(Short web captions)
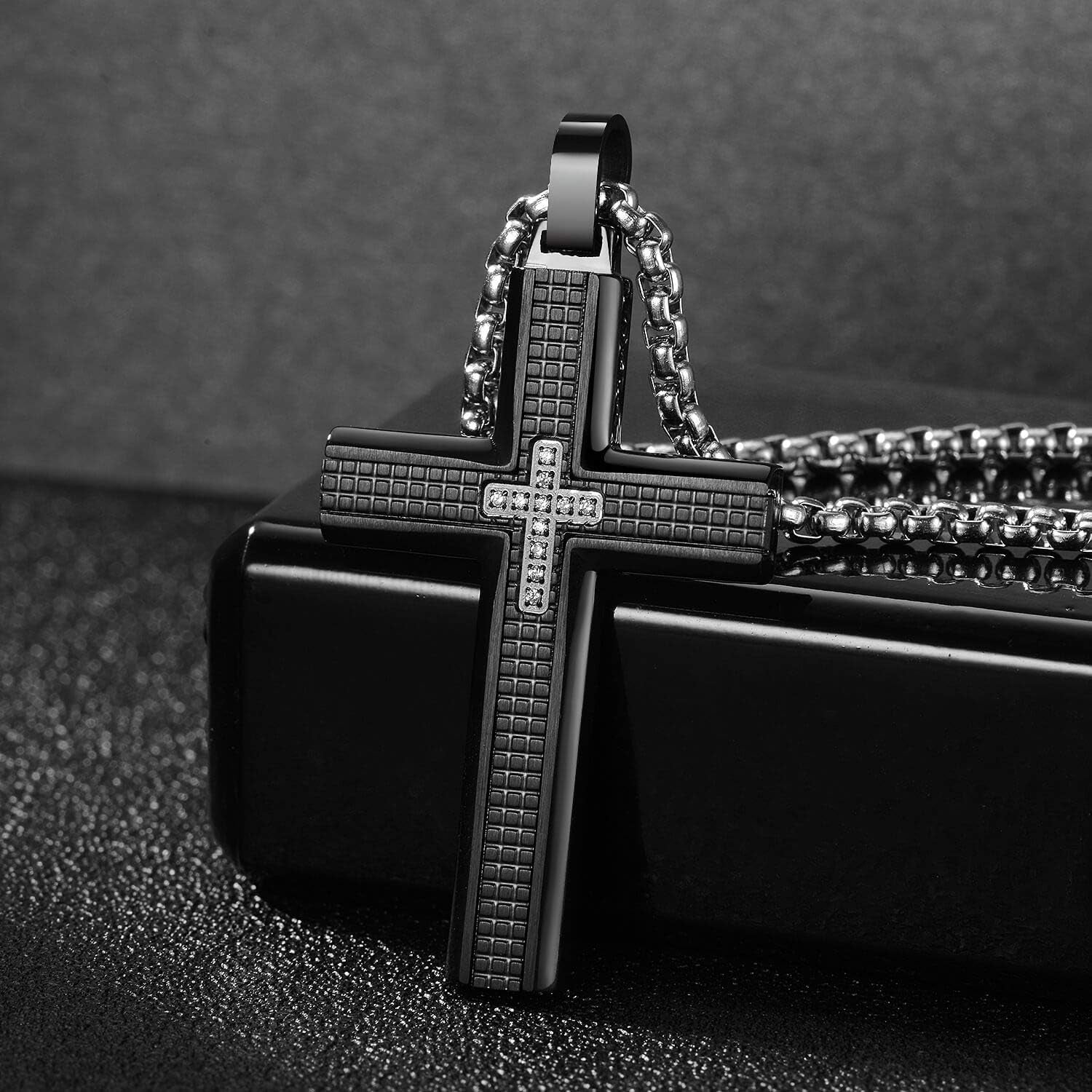 Men'S Stainless Steel Cross Necklace,Two-Tone Black & Blue Carbon Fiber Pendant - Included Gift Box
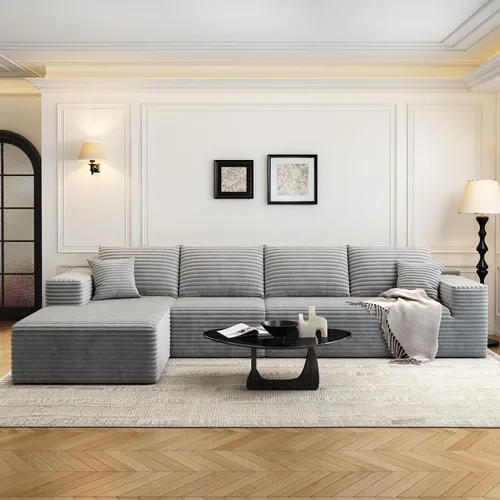 Vista 15 de Sofá seccional modular Cloud de 107.5 pulgadas con 1 otomana, sofás tapizados modernos minimalistas, cómodo sofá en forma de U para sala de estar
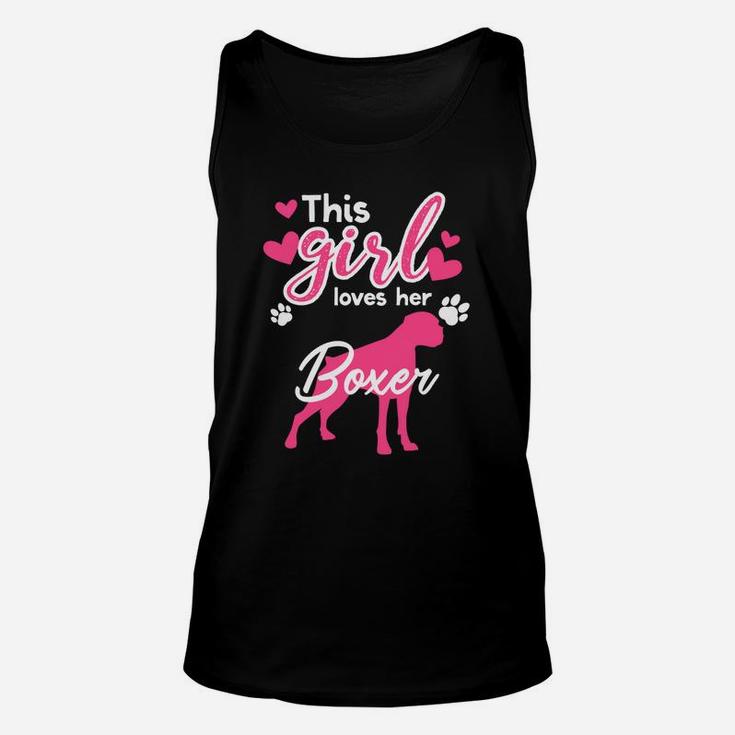 This Girl Loves Her Boxer Graphic Dog Love Unisex Tank Top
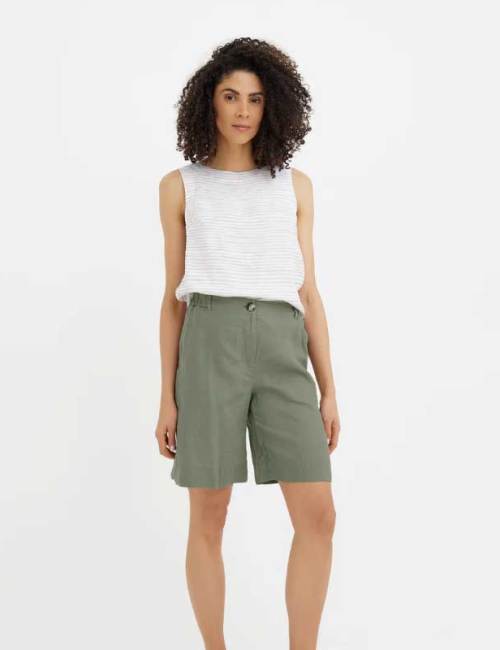 Custom Premium Linen Shorts for Women | Sustainable High-Waisted Knee-Length Shorts | OEM Flax Linen Bermuda Shorts Manufacturer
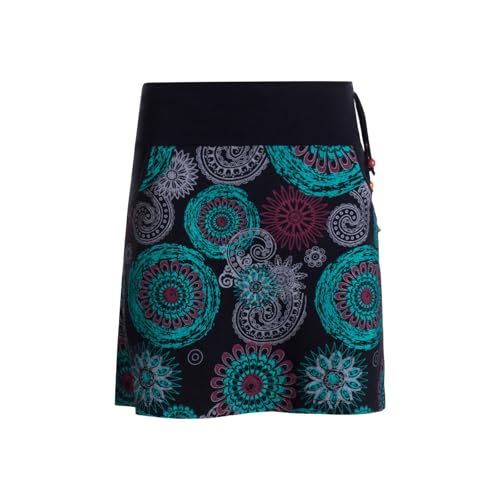 Vishes kurzer Damen-Rock mit Mandalas in schwarz I Größe 4XL (48) I Handgefertigt aus 100% Baumwolle I Mit Taschen I Ideal für warme & kalte Monate I Nachhaltige Alternative Bekleidung von Vishes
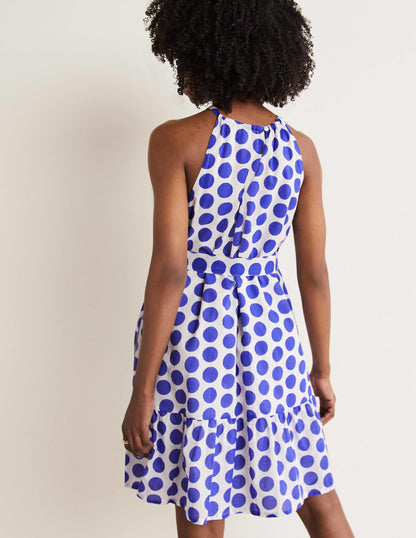 Ingrid Halterneck Dress-Atlantic Ocean, Ikat Spot-3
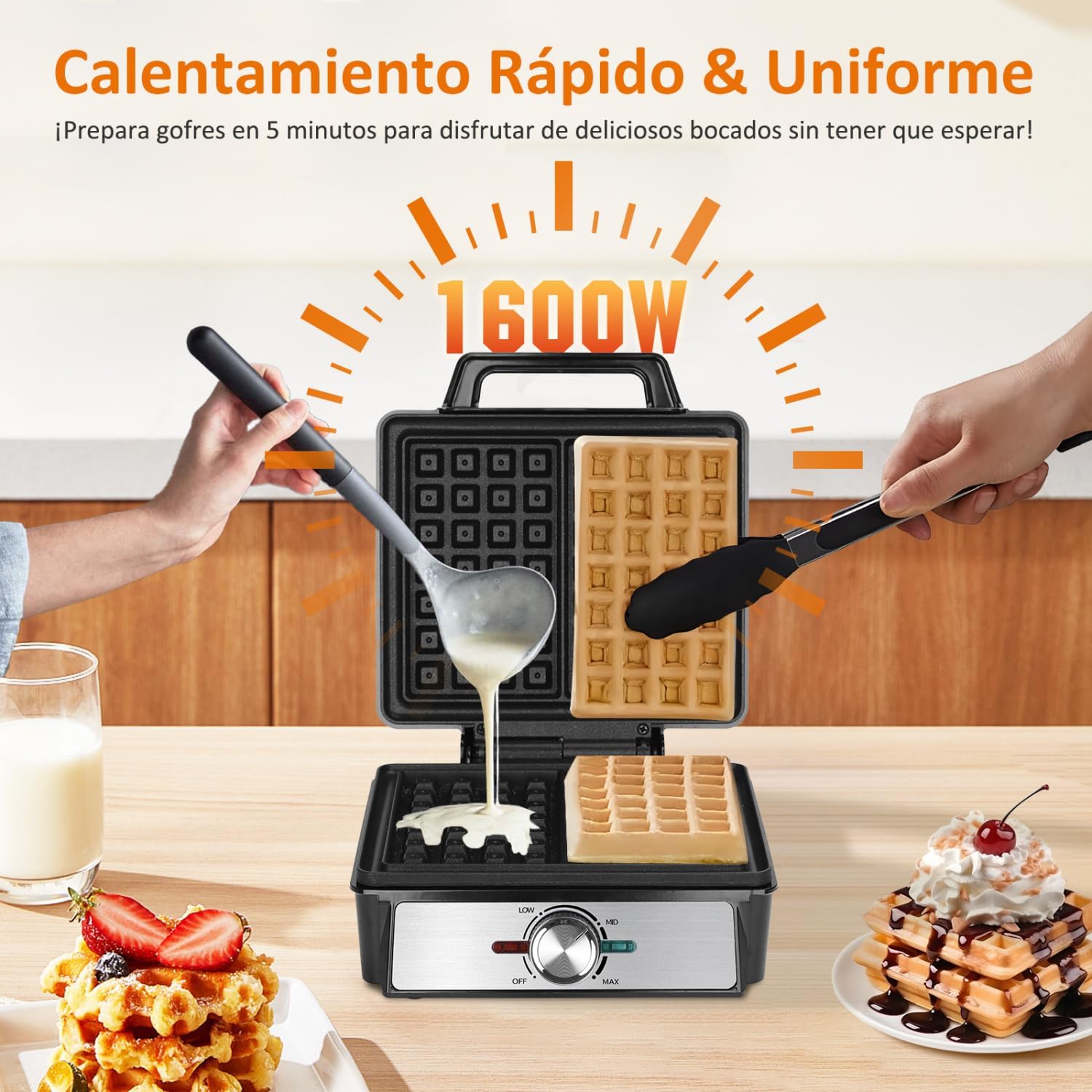 Aigostar - Gaufrier inox 1600W, 20,2x17,2x2 cm, plaques antiadhésives, température réglable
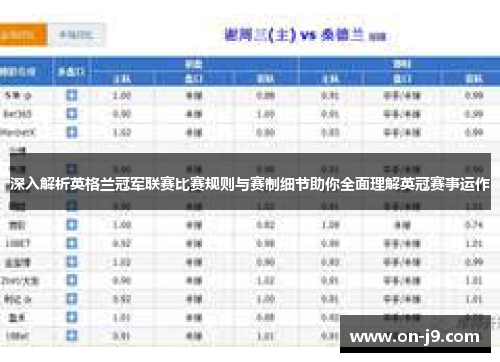 深入解析英格兰冠军联赛比赛规则与赛制细节助你全面理解英冠赛事运作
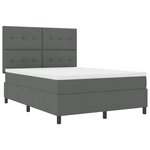 vidaXL Lit à Sommier avec Matelas & LED Gris Foncé 160x200 cm Tissu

**Work required:** Write out every line above again exactly, with the pictures left out.

**Completed exercise:**
 Men'S Stainless Steel Cross Necklace,Two-Tone Black & Blue Carbon Fiber Pendant - Included Gift Box
 Vista 15 de Sofá seccional modular Cloud de 107.5 pulgadas con 1 otomana, sofás tapizados modernos minimalistas, cómodo sofá en forma de U para sala de estar
 This Girl Loves Her Boxer Graphic Dog Love Unisex Tank Top
 Custom Premium Linen Shorts for Women | Sustainable High-Waisted Knee-Length Shorts | OEM Flax Linen Bermuda Shorts Manufacturer
 Vishes kurzer Damen-Rock mit Mandalas in schwarz I Größe 4XL (48) I Handgefertigt aus 100% Baumwolle I Mit Taschen I Ideal für warme & kalte Monate I Nachhaltige Alternative Bekleidung von Vishes
 Ingrid Halterneck Dress-Atlantic Ocean, Ikat Spot-3
 Aigostar - Gaufrier inox 1600W, 20,2x17,2x2 cm, plaques antiadhésives, température réglable
 深入解析英格兰冠军联赛比赛规则与赛制细节助你全面理解英冠赛事运作
 vidaXL Lit à Sommier avec Matelas & LED Gris Foncé 160x200 cm Tissu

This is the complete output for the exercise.